Now away matches were slightly different. You could sometimes struggle to get a Player no6 cigarette down the Smoke (aptly nicknamed London). There’s nothing worse than a boring game at Craven Cottage with only a Marlborough to smoke; they didn’t half make my throat sore the next day and cost the earth. I and many others in the 1970’s ignored the ever increasing warnings on smoking and never visualised a Forest match without a fag or ten. But even then they stopped smoking downstairs on busses and split the picture houses into ‘smoking and non smoking’ You could even find non-smoking areas in restaurants! I tasty steak and chips with a pint of bitter and then a fag to finish it all off; who on earth would want to stop that?

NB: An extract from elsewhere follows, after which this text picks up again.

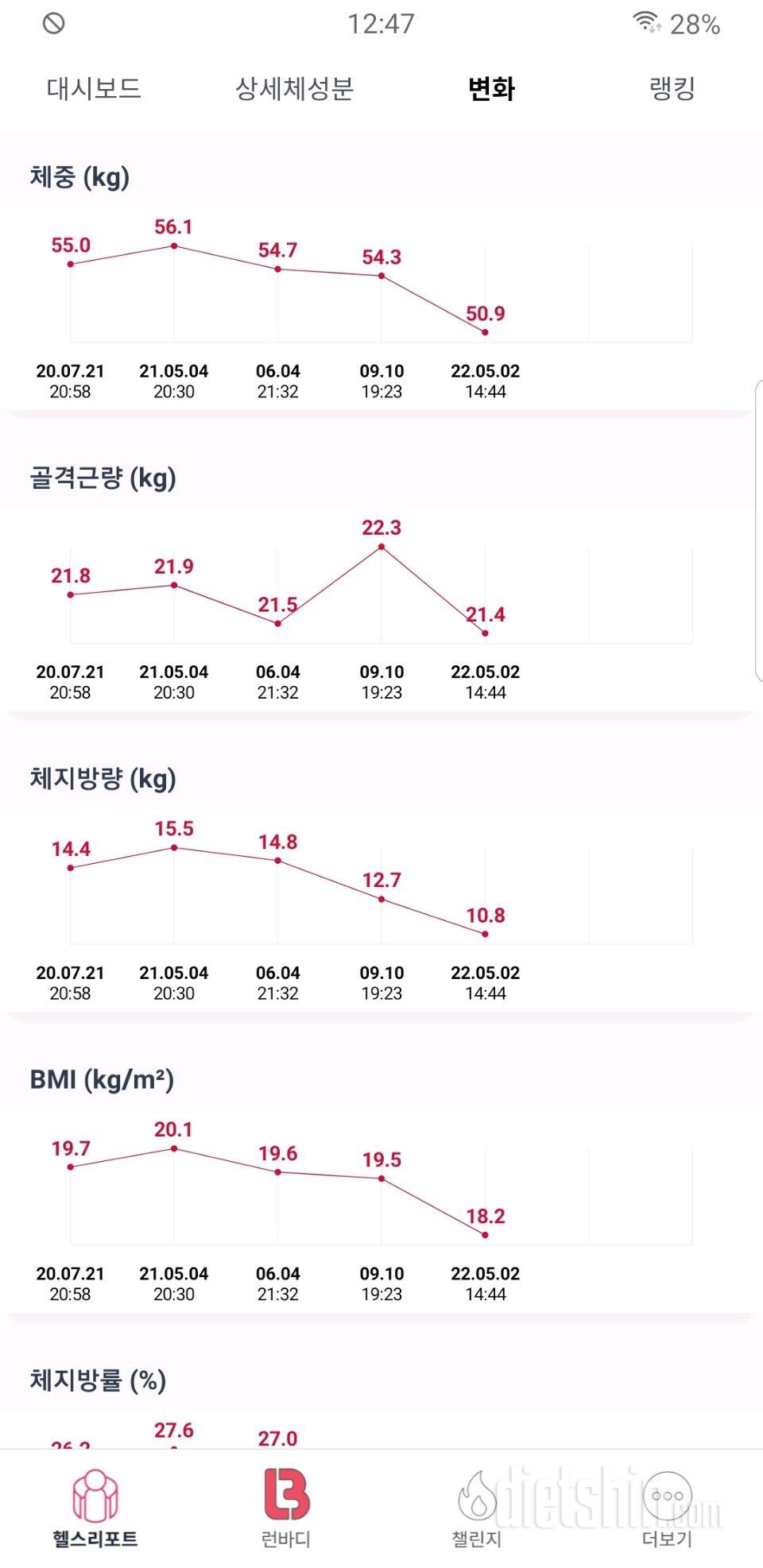 50kg 만들기 목표 달성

It appeared I had mates who now owned cars who didn’t like smoking in their pride and joy. We went to Wembley ’79 with a convoy of cars from Annesley and Johnny Cumbo wouldn’t allow smoking in his Ford Capri. The two backseat passengers had to wait until the Watford Gap Motorway services for their first fag since Junction 27 of the M1. Chango and Dobbin had climbed over the front seat as soon as the car stopped both with a fag ready to light. It didn’t help as we passed from time to time and I lit one up to show what they were missing; thanks to Rube (our driver) who just put up with us smokers, he was anything for a peaceful life at times.

It fell back on me in later years as we went the same route to Wembley 1991 for the FA Cup final. Keith Stanley an ex smoker and Pete Bignall the driver didn’t smoke but Dave Simpson and me occupying the back seat were ‘roll up’ men. I had turned to rolling my own fags after visits to Amsterdam and Cologne where Drum and Samson rolling tobaccos ruled. Pete said if we had to smoke then it was OK, we thought he doesn’t really mean that. But now I was a car owner and realised how tobacco fumes stink a car out real bad. We decided to resist the temptation and stick it out although the nerves were high on cup final day. We did do two each at the services, I feared I had rolled the first one too tight in high anxiety and I was drawing my shirt lap up my arse trying to get a hit of nicotine. Simpo (Dave Simpson) was making me jumpy by continuously getting his tobacco pouch and papers out threatening to roll a smoke, he would keep looking at his watch and counting the M1Junctions. Simpo was either desperate to get a smoke or just aggravating by making me as bad . I could have murdered a chew of bacca now and wondered if we had a spittoon then just maybe……. no we might splash back on the upholstery. Snuff could have given us the same but it was messy and for me only used down the pit.

A few years later when all seater stadiums including ours were encouraging non smoking areas. I said “I’ve been coming down here for a lot of years and damned sure I’m not moving ‘cos some health department want no smoking!” were they when we were only getting 8 to 10 thousand in the old Second Division watching the class of Sammy Chapman, John Galley and Miah Dennehy? You had to walk five yards to cadge a light.

So long after growing up I became an adult and stopped smoking. I did get annoyed from time to time when a smoker sat near me; I held back with the reformed ex smoker (holier than thou) attitude as I sympathised with their habit. Now the City Ground and many public places are smoker free and I must admit I like it. In a way I miss the second hand smoke but I wouldn’t turn the clock back; and future generations smoking in public will all be history.

But it sure seems like I’ve had twenty Park Drives after a walk up the Trent side after a game to remind me.